08-02-2014, 11:39 AM
(08-02-2014, 11:08 AM)cfa Wrote:(08-02-2014, 11:02 AM)felixleong Wrote:(08-02-2014, 10:57 AM)cfa Wrote:(08-02-2014, 10:19 AM)felixleong Wrote: I also think they are more likely to sell a stake to increase the public float instead of placement
for placement, new shares are created and the $$ raised goes to the company, so they have to take an extra step to get the $$ out of FCL into their pockets
for selling of stakes, the no new shares are created and the $$ is passed directly to the thais (so I think this route is more likely to be taken)
The thais are known to be savvy, don't think they will wanna cash out at such low levels. My feel is $1.60-2.00 (but hey dun listen to me, I'm wrong half the time lol ^_^)
Care to explain why for placement , new shares are created ?
Depends on the structure of the placement.

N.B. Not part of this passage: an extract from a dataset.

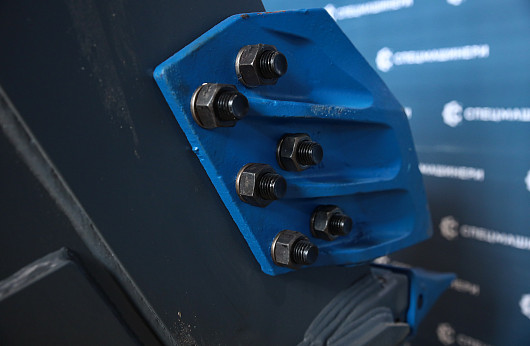 Стандартный ковш 1м3 на работах в Московской области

Example for a rights issue, new shares are created and existing shareholders can participate by putting in $$
for placement its the same except that existing shareholders do not participate, $$ is raised from new shareholders and new shares are given to them
There are other forms of placements such as existing major shareholder selling their stake to another person/company, just the pass of shares and no new shares created.
Thought we were discussing increase of free floats through paring down of holding from major shareholder, Why the right issue ?
For e.g. FCL.
If TCC were to inject assets into FCL, FCL may opt to call for a rights issue to raise cash to pay for the assets.
TCC may opt not to participate in the rights issue and hence pare down its holdings in FCL while receiving cash from the injection of assets.